As he has made clear in "The Next Christendom," Jenkins does not see a return of Europe to its status as the center of Christianity in the near future, since for him, the next Christendom will be established in Africa and perhaps South America. So, why is he optimistic about the future of Christianity in Europe? Precisely because of immigration. As he points out, the immigration to Europe that has taken place over the past few decades has come not just from Islamic countries but from the majority Christian countries of sub-Sahara Africa. As a result, many of the largest congregations in Europe today are comprised of African immigrants and their children.

But will this mean a return to Christianity in Europe? It is at this point that Jenkins is unduly optimistic. It is unlikely that the African immigrants are going to convert their European neighbors to the faith. (Cultural differences will play their part in this, as will the fact that the immigrants tend to live in their own communities.) Moreover, although immigration has taken place, it is not likely that these immigrants will become a significant percentage of the European population any time soon, if ever. Finally, if and when these immigrants become assimilated into the broader European culture, why suppose that their Christian faith will permeate that culture? Why not suppose that the immigrant community will become as secular as the Europeans are today?
Beranyle
God's Continent makes a convincing case that the decline of European Christianity and the rise of Islam in Europe are not reaching quite the apocalyptic heights feared by so many. Islam is growing, but it is in many ways capitulating to the same forces of modernism and secularism that have weakened European Christianity. At the same time, the immigration trends that are bringing Islam to Europe are also bringing to the continent the vibrant Christian faith of Africa and Asia - a faith that has not capitulated to modernism's insistence upon a deep divide between the sacred and the secular, between the religious and the political. Jenkins argues that this growing Christian faith is often ignored - not because it isn't real or vital, but because it is found primarily in immigrant communities. Old-stock Europeans see immigrants from Asia and Africa and simply assume that Islam is on the rise - when, in fact, many of those immigrants are bringing a Christian faith that is often quite orthodox and vibrant.

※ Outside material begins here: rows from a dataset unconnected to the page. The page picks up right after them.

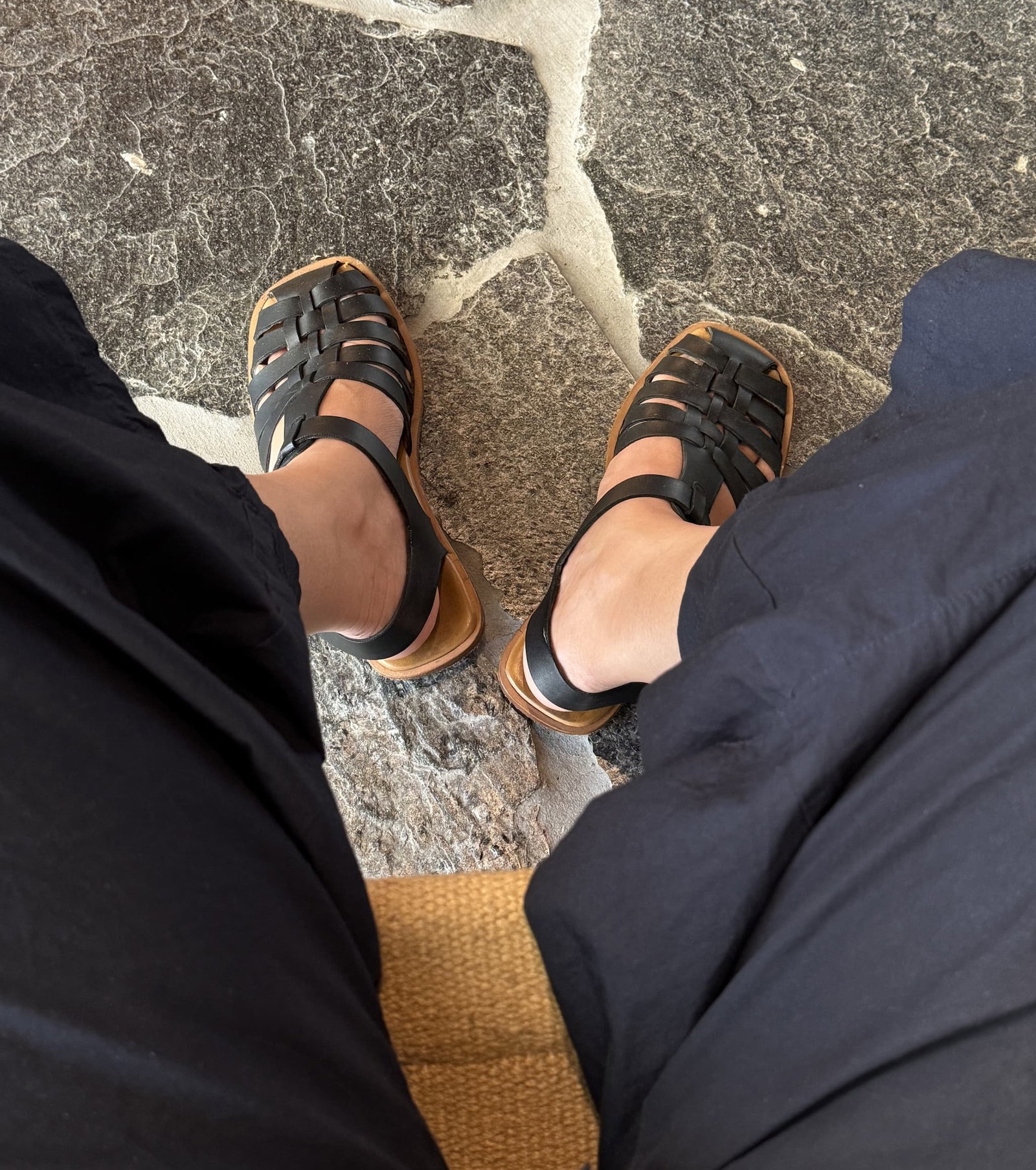 woman wearing black fisherman sandals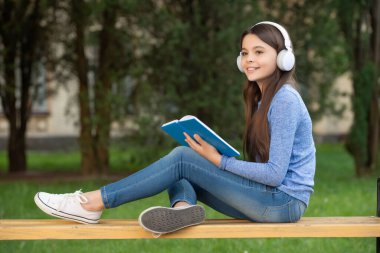 concept of teen. Happy teen girl reading and listening to audiobook in headphones after school outdoors, teen.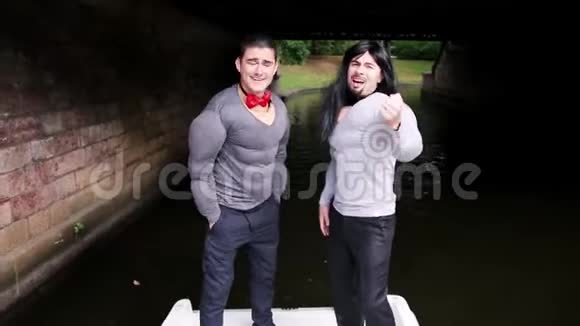两个穿着假肌肉垫服的家伙在桥下的船上跳舞视频的预览图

Jenkins certainly grants that the rise of Islam is a real challenge for Europe, and he devotes quite a bit of effort at describing a way forward. Too much of his proposed solution, it seems to me, involves hoping that both Islam and Christianity make their peace with Western secularism, embracing a deep divide between the sacred and the secular, the religious and the political. The rise of Islam is exposing the bankruptcy of Western culture's gods of pluralism and multiculturalism. The solution is not for the church to defend those gods. Rather, we have much to learn from global Christianity's embrace of the communal and public character of Christian faith.
Eta
The first half of the book, on the state of Christianity in Europe, is outstanding. It contains a great deal of important and significant information that I have not seen reported anywhere else, indicating that Christianity is not quite so moribund in Europe as is commonly reported.

The second half of the book, on Islam in Europe, is uneven. Jenkins begins with a number of generalizations to the effect that the common stories of the threat of Islam in Europe are overblown and unwarranted. But then he spends the rest of the book giving extensive detail and analysis to the effect that Islam is indeed a grave threat to European culture and Western security. It's an odd disconnect.

In all, an excellent book and well worth the read.
Thetalen
Jenkins' analysis of the state of Christianity and Islam in Europe is thorough and realistic. If he does have a bias it is that he likes to surprise people with new, little-known facts to shade your opinion. Although the subject matter is religion, the book is chock full of information and modern history, and yes, a little philosophical speculation. It is one of the best books available on one of the most important problems facing the 21st century.